"Bir küçük yalnızlığım var, elimde. Ve o küçücük yalnızlığıma sığmayan bir acı... Paylaşmak ister misin? Çünkü bu kadarı çok fazla bana.
Bir küçük kalbim var, elimde. Ve kalbime sığmayacak kadar çok umudum... Al umudumu. Ama kırma olur mu? Çok değerli benim için."
Her zamanki gibi sigaram ağzımdaydı. Kül tablasına bıraktım.
"Çocuk gibi konuşmak yakışmıyor sana. Hayatında bir kere olsun gerçek bir şey söyle. Hayatın söylemek istediklerinin etrafında dolanarak geçti."
Sigaramı aldım. Bir nefes çektim. Kalktım yerimden. Böyle konuşmalarda zamanlama önemlidir. Doğru zamanda doğru hareketi yapmak, konuşmanın etkisini katlayabilir.
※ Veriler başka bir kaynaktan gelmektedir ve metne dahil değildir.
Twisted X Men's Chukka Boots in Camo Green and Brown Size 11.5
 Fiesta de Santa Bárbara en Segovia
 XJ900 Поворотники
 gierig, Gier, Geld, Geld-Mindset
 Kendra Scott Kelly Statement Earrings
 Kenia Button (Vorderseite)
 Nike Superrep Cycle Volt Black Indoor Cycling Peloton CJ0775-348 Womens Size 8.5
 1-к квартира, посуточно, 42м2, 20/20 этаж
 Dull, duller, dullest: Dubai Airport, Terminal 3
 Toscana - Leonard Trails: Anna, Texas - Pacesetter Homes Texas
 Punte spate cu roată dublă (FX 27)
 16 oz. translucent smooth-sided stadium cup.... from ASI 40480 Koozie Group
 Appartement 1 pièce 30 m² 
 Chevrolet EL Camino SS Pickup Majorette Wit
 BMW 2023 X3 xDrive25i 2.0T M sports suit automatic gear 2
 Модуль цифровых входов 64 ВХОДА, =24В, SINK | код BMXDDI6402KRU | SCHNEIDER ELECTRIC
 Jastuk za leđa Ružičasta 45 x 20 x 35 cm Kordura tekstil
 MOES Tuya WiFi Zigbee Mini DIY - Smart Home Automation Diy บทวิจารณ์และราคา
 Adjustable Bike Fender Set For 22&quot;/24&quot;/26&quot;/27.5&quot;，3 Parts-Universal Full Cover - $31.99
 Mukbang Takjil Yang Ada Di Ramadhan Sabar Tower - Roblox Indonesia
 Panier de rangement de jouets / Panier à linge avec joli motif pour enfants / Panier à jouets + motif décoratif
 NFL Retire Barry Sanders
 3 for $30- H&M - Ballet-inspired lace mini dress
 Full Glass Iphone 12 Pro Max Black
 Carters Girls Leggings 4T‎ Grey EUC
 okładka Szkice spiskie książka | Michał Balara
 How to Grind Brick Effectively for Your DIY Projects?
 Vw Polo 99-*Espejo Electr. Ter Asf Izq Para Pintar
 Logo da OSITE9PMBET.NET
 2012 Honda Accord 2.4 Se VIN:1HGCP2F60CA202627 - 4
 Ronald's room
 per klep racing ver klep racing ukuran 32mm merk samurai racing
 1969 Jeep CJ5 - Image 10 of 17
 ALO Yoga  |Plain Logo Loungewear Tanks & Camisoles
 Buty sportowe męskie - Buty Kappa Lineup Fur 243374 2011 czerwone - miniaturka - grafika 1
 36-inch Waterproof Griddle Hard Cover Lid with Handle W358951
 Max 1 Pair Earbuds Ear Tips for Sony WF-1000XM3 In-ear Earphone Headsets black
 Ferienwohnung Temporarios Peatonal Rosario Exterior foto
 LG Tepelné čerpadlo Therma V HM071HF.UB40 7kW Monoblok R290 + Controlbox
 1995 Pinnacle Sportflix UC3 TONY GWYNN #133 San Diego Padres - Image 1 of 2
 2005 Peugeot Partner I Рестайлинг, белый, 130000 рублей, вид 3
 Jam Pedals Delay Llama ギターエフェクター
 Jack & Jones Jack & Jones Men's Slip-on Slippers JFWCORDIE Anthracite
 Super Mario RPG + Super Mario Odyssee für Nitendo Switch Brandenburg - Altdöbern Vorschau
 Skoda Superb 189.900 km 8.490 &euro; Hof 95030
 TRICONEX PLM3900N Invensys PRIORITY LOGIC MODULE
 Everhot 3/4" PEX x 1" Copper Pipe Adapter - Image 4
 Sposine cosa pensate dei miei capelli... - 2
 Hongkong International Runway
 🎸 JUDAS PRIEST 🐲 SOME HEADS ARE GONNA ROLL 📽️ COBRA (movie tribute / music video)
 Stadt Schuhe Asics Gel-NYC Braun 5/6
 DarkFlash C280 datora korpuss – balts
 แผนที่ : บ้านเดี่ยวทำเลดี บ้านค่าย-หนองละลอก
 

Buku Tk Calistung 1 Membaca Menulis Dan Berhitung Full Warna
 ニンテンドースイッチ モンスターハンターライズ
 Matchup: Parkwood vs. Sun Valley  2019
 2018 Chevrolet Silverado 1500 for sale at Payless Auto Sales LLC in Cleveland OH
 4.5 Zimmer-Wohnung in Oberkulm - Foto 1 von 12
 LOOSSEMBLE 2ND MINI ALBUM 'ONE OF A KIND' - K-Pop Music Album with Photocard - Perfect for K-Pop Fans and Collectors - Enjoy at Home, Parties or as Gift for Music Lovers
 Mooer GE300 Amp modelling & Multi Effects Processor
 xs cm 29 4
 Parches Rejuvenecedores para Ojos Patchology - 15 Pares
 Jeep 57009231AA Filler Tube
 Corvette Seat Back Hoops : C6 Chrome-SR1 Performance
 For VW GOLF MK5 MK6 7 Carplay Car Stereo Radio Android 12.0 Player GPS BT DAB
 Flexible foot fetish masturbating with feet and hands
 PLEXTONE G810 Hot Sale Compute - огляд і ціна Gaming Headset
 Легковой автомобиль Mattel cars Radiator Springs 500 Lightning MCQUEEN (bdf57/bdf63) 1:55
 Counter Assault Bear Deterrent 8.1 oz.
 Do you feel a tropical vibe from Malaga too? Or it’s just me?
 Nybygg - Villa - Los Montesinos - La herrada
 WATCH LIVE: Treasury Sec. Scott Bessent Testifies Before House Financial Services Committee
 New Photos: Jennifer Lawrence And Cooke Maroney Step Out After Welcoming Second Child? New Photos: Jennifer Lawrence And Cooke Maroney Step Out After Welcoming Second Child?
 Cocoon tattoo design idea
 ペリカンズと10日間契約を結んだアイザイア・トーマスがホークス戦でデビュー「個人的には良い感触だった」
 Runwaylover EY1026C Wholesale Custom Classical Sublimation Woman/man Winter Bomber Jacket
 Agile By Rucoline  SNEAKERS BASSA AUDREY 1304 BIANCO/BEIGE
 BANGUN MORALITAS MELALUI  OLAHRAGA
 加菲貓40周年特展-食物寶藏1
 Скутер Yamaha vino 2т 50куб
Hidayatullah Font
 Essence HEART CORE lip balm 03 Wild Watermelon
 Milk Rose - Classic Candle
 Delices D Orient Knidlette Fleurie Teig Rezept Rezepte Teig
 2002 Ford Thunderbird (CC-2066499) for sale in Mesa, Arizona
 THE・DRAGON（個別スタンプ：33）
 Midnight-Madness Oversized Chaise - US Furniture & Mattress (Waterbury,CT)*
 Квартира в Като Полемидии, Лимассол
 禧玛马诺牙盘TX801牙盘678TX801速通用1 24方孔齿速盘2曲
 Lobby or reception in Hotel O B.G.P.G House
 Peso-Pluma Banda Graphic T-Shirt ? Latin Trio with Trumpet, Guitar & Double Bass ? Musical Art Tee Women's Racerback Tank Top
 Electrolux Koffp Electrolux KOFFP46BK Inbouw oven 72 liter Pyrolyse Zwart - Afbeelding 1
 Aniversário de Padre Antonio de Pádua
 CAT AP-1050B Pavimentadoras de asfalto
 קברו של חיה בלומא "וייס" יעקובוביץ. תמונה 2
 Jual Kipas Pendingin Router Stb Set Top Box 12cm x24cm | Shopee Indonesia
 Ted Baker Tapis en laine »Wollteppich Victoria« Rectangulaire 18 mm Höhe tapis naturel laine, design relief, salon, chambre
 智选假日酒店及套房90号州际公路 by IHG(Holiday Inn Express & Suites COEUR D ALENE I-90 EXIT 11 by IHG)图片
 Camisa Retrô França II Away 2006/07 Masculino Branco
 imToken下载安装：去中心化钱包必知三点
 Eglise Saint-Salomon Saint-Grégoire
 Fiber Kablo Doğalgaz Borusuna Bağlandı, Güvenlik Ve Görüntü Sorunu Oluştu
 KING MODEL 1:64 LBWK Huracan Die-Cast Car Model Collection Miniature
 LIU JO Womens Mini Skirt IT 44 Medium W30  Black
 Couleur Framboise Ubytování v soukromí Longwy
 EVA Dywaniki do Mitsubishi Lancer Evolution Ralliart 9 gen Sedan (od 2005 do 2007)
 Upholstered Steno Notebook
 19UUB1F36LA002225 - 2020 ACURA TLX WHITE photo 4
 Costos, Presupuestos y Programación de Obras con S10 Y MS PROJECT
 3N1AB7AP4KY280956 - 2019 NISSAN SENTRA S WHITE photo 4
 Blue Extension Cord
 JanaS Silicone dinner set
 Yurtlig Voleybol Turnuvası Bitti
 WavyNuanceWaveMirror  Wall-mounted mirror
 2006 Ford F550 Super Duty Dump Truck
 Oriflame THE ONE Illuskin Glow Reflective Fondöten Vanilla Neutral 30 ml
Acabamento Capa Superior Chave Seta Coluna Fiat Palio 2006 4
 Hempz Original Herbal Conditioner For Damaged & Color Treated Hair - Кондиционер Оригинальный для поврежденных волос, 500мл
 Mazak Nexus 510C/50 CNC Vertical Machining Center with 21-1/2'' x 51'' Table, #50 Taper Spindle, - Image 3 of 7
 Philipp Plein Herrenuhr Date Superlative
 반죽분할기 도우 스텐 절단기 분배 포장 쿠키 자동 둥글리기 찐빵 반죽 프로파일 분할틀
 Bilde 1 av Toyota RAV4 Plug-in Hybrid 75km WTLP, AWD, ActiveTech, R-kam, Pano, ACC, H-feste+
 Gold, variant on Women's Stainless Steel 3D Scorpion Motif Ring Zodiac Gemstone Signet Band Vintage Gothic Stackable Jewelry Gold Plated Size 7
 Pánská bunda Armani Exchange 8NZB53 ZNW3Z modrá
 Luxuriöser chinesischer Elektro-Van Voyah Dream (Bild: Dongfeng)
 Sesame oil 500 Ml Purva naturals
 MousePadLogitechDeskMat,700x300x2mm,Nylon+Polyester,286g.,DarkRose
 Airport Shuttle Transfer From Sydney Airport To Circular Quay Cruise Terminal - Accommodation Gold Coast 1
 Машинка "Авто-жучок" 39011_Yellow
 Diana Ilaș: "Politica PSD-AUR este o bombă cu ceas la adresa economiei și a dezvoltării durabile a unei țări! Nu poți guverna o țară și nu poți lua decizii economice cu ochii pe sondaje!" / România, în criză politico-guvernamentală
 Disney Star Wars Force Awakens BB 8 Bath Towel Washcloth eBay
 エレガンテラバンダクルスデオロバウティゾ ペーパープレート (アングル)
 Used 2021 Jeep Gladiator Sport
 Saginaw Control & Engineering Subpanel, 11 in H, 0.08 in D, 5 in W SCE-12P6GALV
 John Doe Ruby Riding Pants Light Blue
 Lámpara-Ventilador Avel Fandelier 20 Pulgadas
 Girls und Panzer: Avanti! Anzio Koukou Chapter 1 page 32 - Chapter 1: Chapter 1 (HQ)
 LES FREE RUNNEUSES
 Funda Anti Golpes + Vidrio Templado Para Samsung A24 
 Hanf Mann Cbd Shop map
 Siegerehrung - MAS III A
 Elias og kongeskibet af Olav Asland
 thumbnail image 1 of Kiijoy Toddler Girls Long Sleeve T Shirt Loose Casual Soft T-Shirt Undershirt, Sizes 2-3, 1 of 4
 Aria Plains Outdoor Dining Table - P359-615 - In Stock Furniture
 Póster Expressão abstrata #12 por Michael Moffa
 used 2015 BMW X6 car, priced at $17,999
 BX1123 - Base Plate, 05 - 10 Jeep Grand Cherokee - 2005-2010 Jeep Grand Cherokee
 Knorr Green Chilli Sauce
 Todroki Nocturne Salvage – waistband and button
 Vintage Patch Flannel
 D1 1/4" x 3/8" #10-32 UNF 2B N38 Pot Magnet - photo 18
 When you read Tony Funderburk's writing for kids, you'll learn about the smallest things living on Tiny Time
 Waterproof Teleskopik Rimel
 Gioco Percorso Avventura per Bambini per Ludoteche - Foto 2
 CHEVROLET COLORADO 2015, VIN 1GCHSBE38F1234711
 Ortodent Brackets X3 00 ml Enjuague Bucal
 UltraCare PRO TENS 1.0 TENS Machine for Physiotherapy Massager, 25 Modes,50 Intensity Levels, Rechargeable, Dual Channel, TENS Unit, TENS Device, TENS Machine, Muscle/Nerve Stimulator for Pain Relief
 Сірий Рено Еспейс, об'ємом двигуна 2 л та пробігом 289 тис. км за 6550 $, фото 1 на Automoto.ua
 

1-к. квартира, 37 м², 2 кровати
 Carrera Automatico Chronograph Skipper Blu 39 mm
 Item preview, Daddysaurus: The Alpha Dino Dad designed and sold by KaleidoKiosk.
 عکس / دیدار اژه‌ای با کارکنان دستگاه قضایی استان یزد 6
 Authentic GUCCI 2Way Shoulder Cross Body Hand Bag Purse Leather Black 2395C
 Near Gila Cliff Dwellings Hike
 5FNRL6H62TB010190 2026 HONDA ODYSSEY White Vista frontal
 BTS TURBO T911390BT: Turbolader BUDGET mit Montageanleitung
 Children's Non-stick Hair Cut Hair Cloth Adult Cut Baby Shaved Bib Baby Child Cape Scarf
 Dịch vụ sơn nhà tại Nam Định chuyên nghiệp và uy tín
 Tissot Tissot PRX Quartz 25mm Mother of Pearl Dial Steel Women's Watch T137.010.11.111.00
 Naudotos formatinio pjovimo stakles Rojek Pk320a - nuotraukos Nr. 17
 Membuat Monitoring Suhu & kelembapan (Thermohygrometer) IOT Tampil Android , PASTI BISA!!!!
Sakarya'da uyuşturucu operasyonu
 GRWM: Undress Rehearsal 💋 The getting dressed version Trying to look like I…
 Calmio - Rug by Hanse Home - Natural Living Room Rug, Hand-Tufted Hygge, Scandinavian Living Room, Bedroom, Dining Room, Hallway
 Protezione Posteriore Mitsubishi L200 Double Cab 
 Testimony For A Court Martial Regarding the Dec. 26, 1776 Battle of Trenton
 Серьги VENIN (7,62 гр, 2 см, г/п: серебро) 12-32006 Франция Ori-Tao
Ve doğru hareket kalkmaktı.
"Kendine bile dürüst olamıyorsun. İki tane afili cümle kurmak seni yazar yapmaz. Ya hayatında bir kere olsun gerçek bir şeyler söyle ya da siktir olup gidelim."
Kafasını kaldırıp bana baktı.
"Çok fazla sözün yok değil mi elinde? Aynı cümleleri değiştirip değiştirip kullanıyorsun. Ve hayır ayağa kalkmak doğru hareket değildi. Ama bunu konuşmak için burada değiliz.
"Benim bir çocuk olduğumu unutuyorsun hep. Her yanlışında yanıma gelip bunları duymak istiyorsun. Hala buralarda bir yerde olduğumu bilmek istiyorsun. Yaptığın şeylerin önemli olmadığına, hala derinde bir yerlerde masum olduğuna inanmak istiyorsun. Ve benim görevim de seni buna inandırmak. Çünkü hayata tutunmak için başka bir yolun yok. Gerçek olmadığını biliyorsun. Gerçek olmadığımı biliyorsun aslında. Ne kadar uğraşırsan uğraş unutamıyorsun. Beni öldürdüğün günü unutamıyorsun. Masumiyetini kaybettiğin o ilk seferini unutamıyorsun. Çizginin diğer tarafına, ilk defa geçtiğin o günü de unutamıyorsun.
"Bu yüzden buradayım. Bu yüzden sigarayı yıllar önce bıraktığın halde hala her seferinde kendini sigarayla hayal ediyorsun. Aslında bu yüzden değil. Sadece daha pesimist bir hava katıyor ama konumuz bu değil.
"On yıl sonra bile hala her şeyi hatırlıyorsun. Bütün ayrıntılarıyla hem de."
Neredeyse bitmiş olan sigaramı söndürüp, oturdum tekrar.
"Hava atmak için kullandığım hafızam hayatımdaki en büyük lanetim belki de. Artık hayata tutunmak için bir sebebim var mı onu bile bilmiyorum. Ya da tutunmalı mıyım? Bilemiyorum.
"Sözünü ettiğin umuttan biraz veremezsin sanırım."
"Veremem. Biliyorsun."
"Biliyorum. Düşürüp kırardım zaten muhtemelen."
"Hayır, 'muhtemelen' fazla oldu. Sen de biliyorsun bunu."